March 12, 2023: Daylight Saving Time begins today. The moon is near Zubenelgenubi before sunrise. Mars marches eastward away from the Bull’s horns.
by Jeffrey L. Hunt
Chicago, Illinois: Sunrise, 7:08 a.m. CDT; Sunset, 6:54 p.m. CDT. Check local sources for sunrise and sunset times for your location. Times are calculated from the U.S. Naval Observatory’s MICA computer program.
Daylight Saving Time begins today across North America, except in US states that keep their clocks on standard time. Those earlier daybreaks occur an hour later than yesterday.
Summaries of Current Sky Events
Here is today’s planet forecast:
An hour before daybreak, the gibbous moon, 75% illuminated, is about 25° up in the south-southwest, 4.2° to the lower left of Zubenelgenubi, meaning “the scorpion’s southern claw.”

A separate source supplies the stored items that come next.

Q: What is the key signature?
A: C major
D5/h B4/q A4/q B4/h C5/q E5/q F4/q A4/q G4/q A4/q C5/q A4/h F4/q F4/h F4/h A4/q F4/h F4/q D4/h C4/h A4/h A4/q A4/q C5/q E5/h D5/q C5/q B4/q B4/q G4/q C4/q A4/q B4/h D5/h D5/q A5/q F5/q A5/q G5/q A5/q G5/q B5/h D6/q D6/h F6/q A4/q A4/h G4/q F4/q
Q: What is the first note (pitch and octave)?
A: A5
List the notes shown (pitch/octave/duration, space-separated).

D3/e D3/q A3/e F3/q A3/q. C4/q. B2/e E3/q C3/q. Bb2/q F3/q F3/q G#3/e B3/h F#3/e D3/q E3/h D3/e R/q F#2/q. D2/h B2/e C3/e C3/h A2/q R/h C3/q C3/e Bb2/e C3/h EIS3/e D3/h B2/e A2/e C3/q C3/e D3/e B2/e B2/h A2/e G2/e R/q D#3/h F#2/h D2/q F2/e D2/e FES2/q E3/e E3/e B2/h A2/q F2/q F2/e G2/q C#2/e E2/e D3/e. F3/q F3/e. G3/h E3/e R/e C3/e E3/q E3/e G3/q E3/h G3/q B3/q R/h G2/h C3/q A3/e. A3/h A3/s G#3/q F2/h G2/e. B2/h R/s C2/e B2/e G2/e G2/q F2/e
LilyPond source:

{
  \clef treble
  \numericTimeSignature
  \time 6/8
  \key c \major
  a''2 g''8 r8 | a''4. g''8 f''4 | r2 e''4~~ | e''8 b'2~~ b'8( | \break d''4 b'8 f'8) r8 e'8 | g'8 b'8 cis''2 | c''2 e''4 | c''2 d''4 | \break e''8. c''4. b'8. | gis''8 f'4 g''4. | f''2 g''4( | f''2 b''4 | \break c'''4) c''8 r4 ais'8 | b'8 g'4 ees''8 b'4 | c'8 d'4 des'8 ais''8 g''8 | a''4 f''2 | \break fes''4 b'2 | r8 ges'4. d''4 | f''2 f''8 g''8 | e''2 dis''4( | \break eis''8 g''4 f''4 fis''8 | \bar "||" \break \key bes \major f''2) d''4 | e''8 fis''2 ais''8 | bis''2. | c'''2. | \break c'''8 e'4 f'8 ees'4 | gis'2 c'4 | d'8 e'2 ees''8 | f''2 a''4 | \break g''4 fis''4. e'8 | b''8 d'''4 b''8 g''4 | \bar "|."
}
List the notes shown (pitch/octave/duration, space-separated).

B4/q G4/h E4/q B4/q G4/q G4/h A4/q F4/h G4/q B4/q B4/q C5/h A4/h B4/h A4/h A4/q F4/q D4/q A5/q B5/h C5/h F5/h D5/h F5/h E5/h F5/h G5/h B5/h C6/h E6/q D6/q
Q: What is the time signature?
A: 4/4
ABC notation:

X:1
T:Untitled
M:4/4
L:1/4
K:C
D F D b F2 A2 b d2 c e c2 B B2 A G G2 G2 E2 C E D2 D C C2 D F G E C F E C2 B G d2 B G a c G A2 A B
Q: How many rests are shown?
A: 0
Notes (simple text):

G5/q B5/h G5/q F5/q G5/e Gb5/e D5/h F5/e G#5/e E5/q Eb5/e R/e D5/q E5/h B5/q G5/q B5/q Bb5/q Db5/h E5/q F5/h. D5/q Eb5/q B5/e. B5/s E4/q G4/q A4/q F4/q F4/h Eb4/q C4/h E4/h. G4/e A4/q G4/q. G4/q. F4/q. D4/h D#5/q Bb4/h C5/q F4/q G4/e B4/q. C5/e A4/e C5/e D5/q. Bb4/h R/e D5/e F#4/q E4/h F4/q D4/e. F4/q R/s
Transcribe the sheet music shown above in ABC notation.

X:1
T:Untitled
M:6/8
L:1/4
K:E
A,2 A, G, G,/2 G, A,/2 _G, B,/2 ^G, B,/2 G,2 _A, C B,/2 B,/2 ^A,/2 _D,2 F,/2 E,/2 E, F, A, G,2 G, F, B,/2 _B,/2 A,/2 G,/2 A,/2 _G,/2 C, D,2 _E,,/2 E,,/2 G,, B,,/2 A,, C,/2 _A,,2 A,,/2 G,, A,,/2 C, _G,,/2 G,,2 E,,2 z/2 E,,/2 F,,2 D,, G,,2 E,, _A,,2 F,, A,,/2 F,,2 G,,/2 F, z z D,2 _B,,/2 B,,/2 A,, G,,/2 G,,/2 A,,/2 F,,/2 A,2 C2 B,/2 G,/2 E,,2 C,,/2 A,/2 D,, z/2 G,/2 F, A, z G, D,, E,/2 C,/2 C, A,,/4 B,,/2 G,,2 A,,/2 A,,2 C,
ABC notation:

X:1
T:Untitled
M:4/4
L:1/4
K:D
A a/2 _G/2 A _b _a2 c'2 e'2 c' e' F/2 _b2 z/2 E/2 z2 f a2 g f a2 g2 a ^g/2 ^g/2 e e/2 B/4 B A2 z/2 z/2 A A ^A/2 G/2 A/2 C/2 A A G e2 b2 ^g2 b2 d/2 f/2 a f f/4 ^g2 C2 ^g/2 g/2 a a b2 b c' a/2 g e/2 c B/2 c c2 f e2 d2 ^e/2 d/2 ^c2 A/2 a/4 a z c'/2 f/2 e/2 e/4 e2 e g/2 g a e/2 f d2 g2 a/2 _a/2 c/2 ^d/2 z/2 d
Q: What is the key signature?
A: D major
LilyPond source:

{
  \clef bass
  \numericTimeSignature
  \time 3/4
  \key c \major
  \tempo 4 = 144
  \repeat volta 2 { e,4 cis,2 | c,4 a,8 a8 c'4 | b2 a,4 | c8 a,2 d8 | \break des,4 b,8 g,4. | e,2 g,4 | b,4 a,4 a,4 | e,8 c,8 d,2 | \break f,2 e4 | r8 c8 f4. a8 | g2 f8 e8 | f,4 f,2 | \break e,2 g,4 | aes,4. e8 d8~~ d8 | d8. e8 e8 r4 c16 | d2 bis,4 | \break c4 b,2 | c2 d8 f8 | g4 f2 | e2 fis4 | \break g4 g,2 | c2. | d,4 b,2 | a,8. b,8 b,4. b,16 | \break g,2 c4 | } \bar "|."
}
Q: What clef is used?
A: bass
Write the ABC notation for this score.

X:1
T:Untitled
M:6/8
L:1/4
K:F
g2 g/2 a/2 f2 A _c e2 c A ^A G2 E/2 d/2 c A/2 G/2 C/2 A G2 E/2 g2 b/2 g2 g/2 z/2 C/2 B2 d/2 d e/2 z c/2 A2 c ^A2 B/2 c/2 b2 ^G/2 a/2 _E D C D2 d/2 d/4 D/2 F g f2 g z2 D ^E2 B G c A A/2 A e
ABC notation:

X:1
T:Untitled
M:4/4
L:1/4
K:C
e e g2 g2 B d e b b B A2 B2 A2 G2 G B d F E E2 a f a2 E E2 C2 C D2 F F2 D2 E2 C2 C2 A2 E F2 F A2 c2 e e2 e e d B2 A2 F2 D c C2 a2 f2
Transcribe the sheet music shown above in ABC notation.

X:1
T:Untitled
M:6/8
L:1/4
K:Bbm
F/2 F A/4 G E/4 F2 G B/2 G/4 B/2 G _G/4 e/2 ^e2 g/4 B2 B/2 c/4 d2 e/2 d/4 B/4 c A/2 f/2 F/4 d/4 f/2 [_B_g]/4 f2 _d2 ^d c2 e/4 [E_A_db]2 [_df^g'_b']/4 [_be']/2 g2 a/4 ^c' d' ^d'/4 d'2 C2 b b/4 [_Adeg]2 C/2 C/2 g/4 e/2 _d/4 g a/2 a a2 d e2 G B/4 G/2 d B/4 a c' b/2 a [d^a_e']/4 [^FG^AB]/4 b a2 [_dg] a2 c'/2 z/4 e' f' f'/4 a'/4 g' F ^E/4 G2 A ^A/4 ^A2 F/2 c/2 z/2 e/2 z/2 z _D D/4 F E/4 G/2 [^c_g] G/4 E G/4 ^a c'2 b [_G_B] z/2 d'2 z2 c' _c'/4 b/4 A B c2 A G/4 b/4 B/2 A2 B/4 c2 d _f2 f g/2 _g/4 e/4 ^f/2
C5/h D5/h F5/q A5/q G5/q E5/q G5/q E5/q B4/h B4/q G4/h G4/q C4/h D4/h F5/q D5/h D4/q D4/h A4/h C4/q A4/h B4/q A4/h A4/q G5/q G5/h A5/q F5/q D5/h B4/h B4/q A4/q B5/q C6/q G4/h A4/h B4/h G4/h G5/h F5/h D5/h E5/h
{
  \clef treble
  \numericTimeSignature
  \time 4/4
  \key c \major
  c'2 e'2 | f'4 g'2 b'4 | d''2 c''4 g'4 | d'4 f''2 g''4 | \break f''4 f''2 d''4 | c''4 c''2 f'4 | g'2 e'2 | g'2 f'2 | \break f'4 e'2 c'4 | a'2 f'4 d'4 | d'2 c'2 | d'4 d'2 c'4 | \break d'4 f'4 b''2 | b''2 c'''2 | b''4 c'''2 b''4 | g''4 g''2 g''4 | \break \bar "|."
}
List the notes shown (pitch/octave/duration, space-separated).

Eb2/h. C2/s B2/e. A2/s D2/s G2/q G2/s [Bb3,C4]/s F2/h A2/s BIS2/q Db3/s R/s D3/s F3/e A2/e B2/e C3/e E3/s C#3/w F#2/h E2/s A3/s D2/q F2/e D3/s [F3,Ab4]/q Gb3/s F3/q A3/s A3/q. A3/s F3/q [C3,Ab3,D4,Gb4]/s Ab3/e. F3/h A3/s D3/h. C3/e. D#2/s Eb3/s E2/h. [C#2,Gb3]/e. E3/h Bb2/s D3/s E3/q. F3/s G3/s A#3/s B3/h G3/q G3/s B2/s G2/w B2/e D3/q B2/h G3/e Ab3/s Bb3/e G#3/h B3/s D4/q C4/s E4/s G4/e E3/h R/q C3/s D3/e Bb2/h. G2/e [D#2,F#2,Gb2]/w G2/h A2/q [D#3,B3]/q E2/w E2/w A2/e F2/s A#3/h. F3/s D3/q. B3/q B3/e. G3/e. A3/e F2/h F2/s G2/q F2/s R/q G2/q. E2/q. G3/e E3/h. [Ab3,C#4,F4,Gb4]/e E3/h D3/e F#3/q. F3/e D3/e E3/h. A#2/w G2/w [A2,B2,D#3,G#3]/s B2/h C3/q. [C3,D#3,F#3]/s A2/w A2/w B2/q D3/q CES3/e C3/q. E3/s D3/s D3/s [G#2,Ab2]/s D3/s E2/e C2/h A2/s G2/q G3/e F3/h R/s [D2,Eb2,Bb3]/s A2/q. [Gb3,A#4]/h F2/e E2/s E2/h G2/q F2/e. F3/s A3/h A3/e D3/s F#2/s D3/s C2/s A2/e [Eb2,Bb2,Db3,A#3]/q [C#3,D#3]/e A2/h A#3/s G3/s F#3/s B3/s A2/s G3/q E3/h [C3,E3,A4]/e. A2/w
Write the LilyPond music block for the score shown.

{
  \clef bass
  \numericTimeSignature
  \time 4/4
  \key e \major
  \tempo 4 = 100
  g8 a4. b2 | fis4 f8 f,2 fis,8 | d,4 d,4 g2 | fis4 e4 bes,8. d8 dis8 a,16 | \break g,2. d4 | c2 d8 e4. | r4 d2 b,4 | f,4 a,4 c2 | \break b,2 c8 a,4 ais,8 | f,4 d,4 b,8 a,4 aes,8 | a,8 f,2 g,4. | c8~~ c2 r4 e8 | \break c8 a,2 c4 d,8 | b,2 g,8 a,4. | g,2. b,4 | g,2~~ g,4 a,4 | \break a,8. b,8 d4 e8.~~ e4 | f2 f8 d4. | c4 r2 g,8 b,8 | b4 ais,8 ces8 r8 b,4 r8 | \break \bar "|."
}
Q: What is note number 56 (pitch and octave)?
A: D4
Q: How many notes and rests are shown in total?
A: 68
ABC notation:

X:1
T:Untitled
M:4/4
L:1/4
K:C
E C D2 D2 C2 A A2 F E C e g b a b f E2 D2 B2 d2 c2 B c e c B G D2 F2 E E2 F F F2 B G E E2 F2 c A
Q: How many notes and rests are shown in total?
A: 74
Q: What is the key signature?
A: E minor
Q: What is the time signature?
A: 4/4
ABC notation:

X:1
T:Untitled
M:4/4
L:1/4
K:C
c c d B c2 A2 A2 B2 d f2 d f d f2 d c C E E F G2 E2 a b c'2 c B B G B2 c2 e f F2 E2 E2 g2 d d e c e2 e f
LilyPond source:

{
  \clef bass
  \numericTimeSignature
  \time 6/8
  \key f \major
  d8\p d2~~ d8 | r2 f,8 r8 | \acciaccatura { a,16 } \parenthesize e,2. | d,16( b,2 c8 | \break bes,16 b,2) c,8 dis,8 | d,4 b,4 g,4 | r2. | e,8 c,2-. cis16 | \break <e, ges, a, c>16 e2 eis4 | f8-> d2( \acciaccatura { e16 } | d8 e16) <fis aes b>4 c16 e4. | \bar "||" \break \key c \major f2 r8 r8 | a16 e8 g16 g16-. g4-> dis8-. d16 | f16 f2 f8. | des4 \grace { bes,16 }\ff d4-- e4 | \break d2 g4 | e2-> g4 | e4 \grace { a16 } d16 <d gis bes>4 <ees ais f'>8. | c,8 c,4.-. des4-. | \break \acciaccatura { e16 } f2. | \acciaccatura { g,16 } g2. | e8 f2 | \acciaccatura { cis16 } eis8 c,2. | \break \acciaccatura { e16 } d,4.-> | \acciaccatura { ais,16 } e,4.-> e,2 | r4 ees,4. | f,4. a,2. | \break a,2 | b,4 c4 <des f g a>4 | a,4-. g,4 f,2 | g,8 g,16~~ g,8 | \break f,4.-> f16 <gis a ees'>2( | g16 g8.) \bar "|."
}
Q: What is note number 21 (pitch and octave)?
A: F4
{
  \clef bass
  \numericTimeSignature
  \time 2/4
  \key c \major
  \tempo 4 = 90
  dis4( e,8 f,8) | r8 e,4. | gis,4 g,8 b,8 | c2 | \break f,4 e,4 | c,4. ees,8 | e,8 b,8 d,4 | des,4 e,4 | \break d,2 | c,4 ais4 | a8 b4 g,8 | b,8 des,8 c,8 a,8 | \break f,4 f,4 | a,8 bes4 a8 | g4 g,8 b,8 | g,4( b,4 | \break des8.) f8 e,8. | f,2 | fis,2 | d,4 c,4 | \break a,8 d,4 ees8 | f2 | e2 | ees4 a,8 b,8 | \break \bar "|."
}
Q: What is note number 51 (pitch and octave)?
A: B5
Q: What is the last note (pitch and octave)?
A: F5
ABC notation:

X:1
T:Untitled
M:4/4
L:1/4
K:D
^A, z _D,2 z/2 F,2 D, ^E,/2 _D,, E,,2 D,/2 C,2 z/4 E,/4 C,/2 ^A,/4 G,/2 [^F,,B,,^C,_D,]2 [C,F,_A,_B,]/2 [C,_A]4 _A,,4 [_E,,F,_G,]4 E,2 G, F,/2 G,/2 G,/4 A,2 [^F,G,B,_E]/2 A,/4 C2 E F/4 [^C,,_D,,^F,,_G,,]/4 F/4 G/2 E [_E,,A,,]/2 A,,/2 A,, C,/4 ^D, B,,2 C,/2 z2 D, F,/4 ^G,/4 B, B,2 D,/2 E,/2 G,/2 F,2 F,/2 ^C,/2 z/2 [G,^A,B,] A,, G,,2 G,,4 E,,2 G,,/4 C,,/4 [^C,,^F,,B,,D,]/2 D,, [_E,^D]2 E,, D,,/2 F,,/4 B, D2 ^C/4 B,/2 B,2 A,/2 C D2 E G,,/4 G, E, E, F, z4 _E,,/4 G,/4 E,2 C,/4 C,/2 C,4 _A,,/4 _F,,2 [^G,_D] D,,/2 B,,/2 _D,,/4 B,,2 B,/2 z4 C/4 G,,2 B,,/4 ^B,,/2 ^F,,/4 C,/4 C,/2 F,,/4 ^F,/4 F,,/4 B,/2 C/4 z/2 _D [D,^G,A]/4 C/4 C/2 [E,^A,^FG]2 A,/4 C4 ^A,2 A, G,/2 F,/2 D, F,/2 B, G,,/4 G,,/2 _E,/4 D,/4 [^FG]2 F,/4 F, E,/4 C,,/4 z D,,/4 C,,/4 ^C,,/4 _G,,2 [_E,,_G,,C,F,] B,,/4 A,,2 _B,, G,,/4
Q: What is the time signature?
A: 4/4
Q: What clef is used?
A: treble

Scorpius parades across this southern horizon at this hour. Its brightest star, Antares, is over 20° above the southern horizon. The star’s name means “the rival of Mars.” The planet moves through this region of the ecliptic every two years. The pair is about the same color and brightness when that occurs.
The constellation is in the same location in the evening during July. Each morning the pattern is farther westward and begins to appear in the evening sky after the mid-point of the spring season.
In two mornings, the moon is to the left (east) of Antares.
Venus and Jupiter shine brightly from the western sky after sundown. The Evening Star is over 20° above the horizon and 10.7° to the upper left of bright Jupiter. The gap widens about 1° each evening. Venus sets later each evening, while Jupiter gently slips into brighter evening twilight. The Jovian Giant disappears into the sun’s glare near month’s end. This evening Venus sets nearly an hour after Jupiter.
Through a telescope, Venus is featureless. It is covered with thick clouds that obscure any surface features. This evening the planet shows an evening gibbous phase that is 83% illuminated.
Mars is high in the south-southwest, to the east of an imaginary line that connects the Bull’s horns, Elnath and Zeta Tauri. It marched between them last night. The Red Planet passes Zeta Tauri in two evenings.
From Chicago, the moon rises 30 minutes before midnight. Later for those farther westward in the time zone.